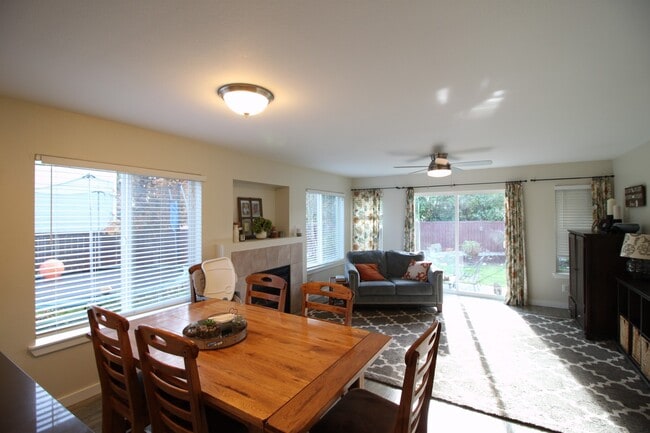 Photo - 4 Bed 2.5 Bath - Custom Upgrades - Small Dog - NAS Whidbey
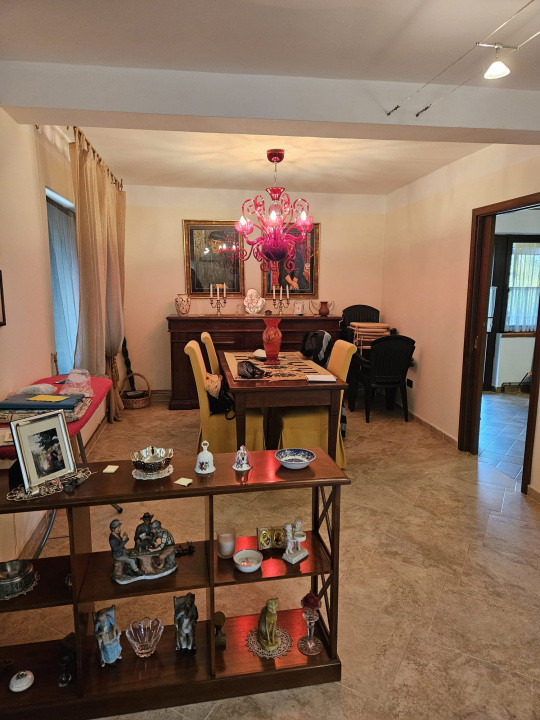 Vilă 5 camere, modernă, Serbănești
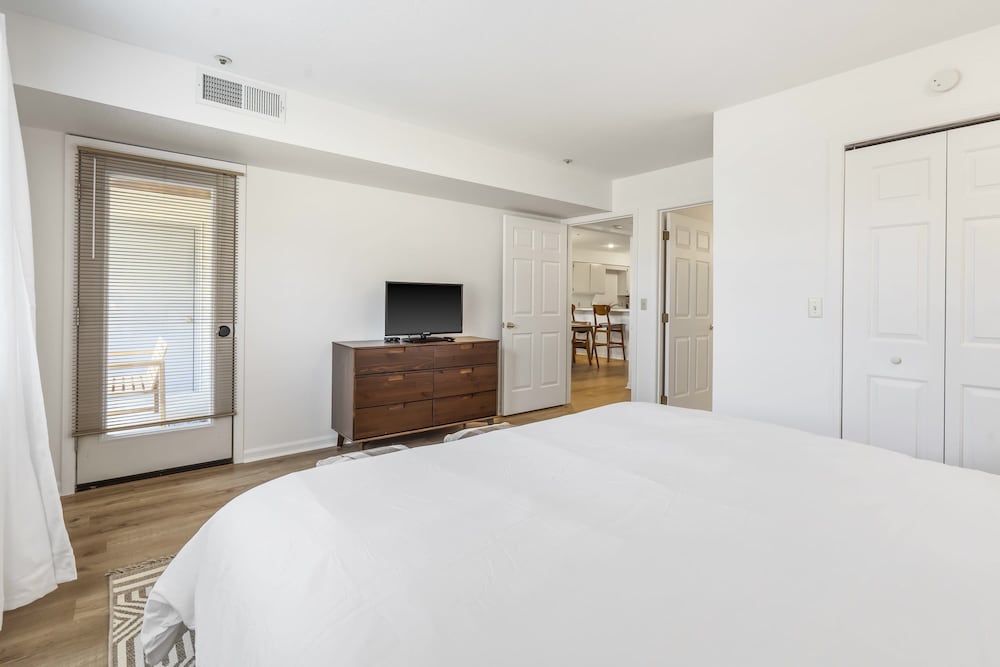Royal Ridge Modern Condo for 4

────────

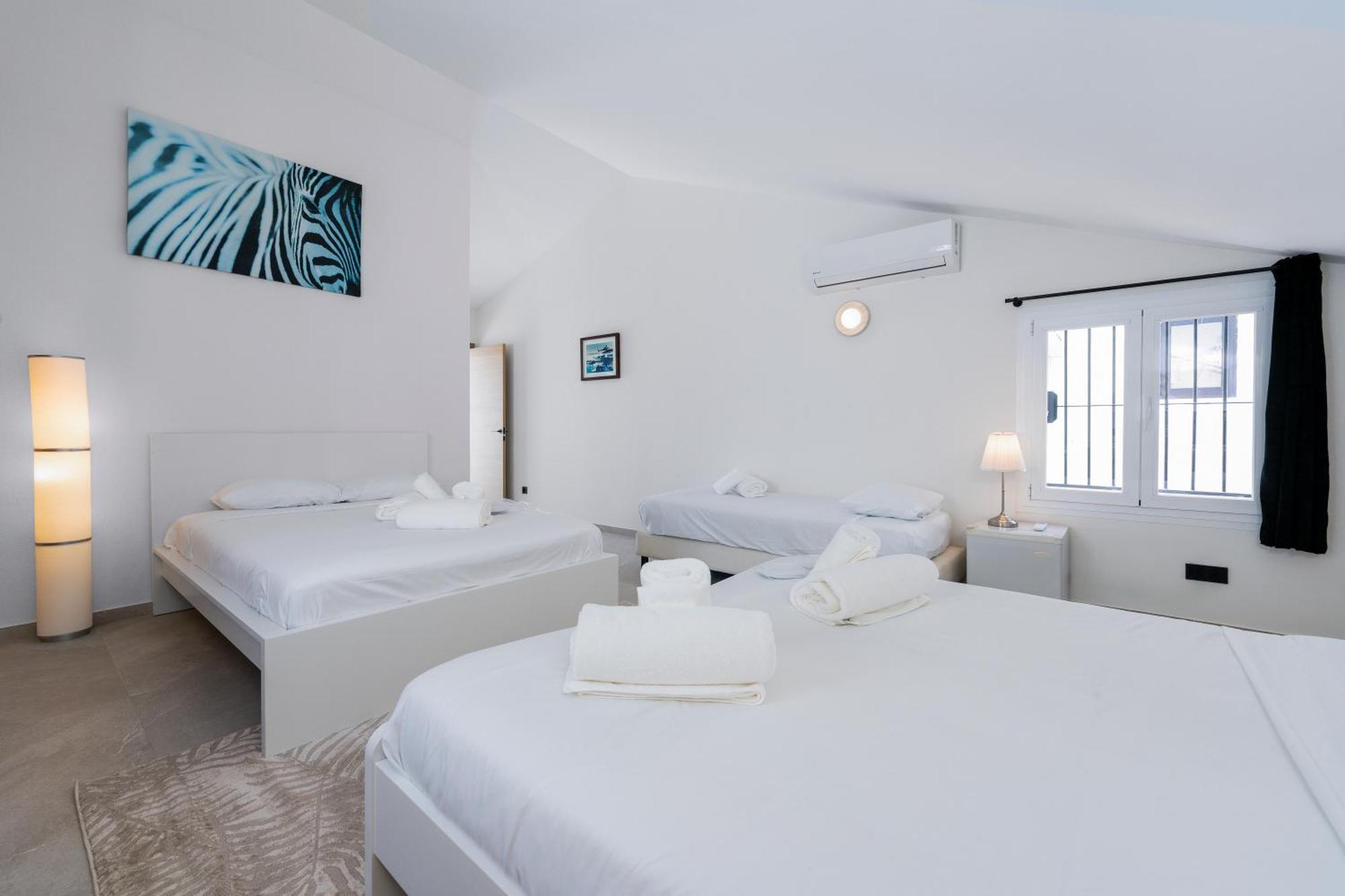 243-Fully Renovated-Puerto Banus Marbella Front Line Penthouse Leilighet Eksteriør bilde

────────

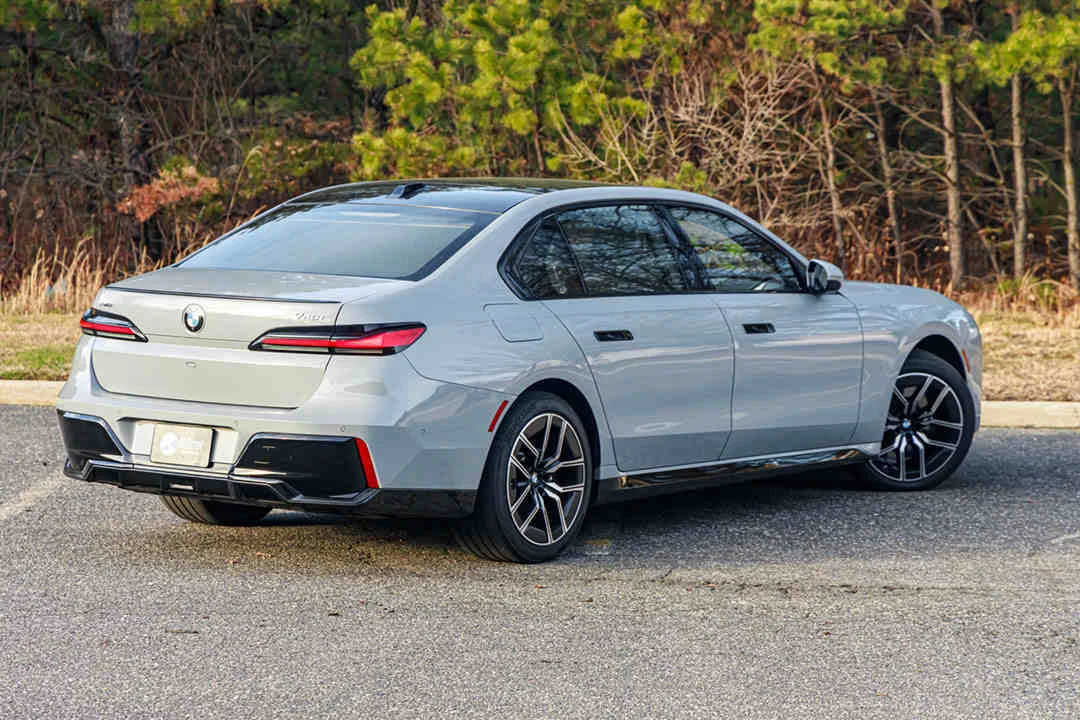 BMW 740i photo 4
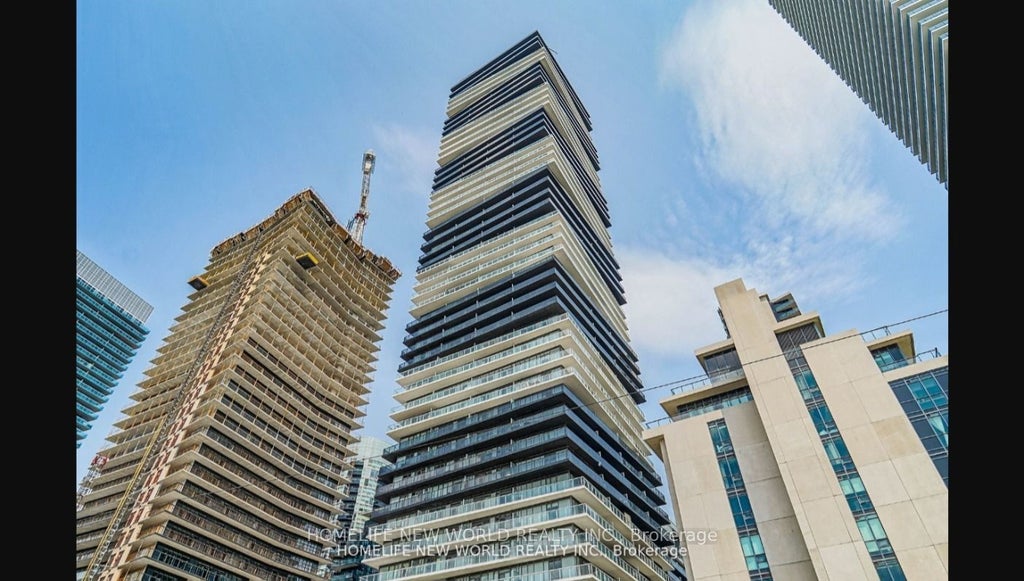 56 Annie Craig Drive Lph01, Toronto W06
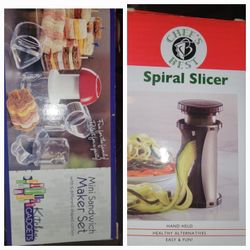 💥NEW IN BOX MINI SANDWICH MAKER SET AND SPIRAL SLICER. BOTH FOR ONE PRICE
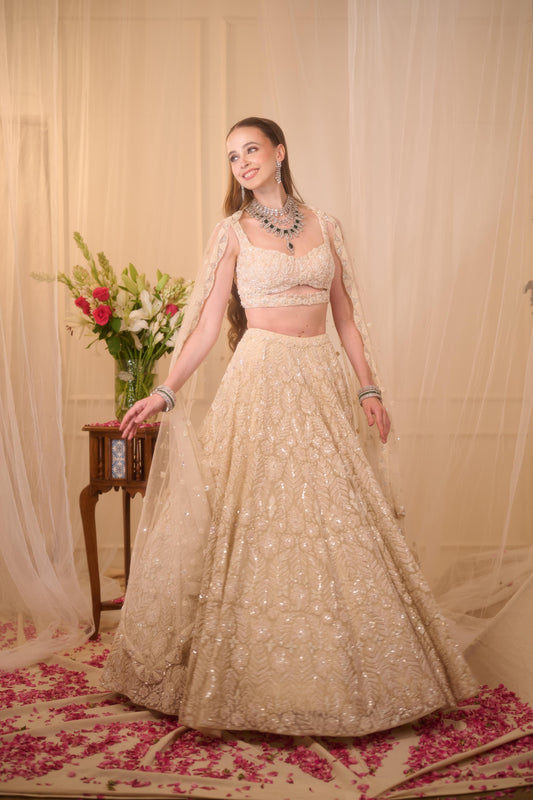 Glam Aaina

────────

**Task description**. Reproduce the lines above starting at the one with "Photo - 4 Bed" and ending at the one with "Royal Ridge Modern Condo for 4", both included, exactly and with no pictures.

**Answer to the problem**.
 Photo - 4 Bed 2.5 Bath - Custom Upgrades - Small Dog - NAS Whidbey
 Vilă 5 camere, modernă, Serbănești
Royal Ridge Modern Condo for 4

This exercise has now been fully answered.